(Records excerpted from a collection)

#####

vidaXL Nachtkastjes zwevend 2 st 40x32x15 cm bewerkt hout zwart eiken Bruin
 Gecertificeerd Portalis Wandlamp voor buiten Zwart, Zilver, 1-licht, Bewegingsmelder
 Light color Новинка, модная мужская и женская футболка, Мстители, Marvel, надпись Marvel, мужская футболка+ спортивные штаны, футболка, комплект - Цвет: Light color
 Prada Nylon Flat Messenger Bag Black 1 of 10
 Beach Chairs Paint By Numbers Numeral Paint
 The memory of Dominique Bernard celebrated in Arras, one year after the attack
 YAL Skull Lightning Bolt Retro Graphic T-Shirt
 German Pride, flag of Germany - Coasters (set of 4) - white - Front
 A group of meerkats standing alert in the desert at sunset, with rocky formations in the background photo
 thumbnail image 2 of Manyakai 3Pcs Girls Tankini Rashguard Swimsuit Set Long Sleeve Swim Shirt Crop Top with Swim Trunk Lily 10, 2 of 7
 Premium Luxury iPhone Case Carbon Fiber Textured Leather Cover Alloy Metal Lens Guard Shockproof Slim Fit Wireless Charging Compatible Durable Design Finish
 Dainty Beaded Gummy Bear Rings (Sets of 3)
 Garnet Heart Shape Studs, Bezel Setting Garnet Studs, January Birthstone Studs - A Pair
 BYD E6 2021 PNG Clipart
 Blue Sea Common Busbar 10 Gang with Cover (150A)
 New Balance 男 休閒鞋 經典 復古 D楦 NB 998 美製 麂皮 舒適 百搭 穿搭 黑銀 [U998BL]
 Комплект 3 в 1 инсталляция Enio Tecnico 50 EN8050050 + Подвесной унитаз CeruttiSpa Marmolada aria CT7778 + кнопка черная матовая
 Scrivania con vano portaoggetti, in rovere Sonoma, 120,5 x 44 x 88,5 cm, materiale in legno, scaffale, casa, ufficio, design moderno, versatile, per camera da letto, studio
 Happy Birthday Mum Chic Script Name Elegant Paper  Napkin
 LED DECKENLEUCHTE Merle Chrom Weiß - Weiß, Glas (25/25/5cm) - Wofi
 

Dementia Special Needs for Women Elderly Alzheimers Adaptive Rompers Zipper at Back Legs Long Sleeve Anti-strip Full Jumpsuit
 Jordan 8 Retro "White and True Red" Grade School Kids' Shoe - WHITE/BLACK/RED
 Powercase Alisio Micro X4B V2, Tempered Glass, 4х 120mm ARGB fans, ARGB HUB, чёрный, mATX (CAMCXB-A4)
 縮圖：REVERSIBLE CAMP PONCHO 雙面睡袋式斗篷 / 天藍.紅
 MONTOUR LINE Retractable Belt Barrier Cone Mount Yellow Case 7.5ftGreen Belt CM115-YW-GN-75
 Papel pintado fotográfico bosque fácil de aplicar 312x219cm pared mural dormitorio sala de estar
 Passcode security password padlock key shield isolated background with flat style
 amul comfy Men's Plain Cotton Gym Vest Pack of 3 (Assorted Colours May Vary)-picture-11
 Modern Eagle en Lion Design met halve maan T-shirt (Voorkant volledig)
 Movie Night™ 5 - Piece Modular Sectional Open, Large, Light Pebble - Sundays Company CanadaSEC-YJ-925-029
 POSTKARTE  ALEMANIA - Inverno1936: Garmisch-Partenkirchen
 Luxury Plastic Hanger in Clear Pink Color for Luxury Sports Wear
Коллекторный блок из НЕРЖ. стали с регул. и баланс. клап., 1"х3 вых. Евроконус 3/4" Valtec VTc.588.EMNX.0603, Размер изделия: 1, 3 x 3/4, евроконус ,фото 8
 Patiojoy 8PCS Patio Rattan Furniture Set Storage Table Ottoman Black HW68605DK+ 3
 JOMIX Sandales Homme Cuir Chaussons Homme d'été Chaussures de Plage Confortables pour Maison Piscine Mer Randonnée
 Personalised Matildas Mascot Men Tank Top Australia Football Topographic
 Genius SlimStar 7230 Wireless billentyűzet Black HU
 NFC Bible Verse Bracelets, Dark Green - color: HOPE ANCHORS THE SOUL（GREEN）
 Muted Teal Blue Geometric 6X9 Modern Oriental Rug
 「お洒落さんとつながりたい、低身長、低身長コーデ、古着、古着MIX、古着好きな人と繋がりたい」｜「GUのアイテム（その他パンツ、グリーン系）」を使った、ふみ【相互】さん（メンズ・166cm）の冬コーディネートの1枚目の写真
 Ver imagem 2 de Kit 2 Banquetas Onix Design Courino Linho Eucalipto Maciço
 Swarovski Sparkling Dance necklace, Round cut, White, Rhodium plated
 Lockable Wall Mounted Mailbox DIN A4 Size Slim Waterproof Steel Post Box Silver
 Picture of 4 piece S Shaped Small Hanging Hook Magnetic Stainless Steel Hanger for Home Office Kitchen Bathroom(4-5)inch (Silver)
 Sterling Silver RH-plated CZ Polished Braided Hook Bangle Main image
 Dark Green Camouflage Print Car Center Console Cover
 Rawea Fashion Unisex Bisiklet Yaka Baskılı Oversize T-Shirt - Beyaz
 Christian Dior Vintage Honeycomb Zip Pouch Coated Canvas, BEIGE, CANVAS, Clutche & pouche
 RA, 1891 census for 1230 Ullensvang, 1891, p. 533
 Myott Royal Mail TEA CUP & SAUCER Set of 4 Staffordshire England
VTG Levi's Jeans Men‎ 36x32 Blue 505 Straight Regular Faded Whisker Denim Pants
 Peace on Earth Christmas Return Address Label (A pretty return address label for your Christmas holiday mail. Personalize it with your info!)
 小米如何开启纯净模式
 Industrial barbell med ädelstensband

#####

Activity
Output exactly the span of lines beginning at the first line of the records and ending at the line that holds "Prada Nylon Flat Messenger Bag Black 1 of 10", inclusive, with no other text.

Answer for this exercise
vidaXL Nachtkastjes zwevend 2 st 40x32x15 cm bewerkt hout zwart eiken Bruin
 Gecertificeerd Portalis Wandlamp voor buiten Zwart, Zilver, 1-licht, Bewegingsmelder
 Light color Новинка, модная мужская и женская футболка, Мстители, Marvel, надпись Marvel, мужская футболка+ спортивные штаны, футболка, комплект - Цвет: Light color
 Prada Nylon Flat Messenger Bag Black 1 of 10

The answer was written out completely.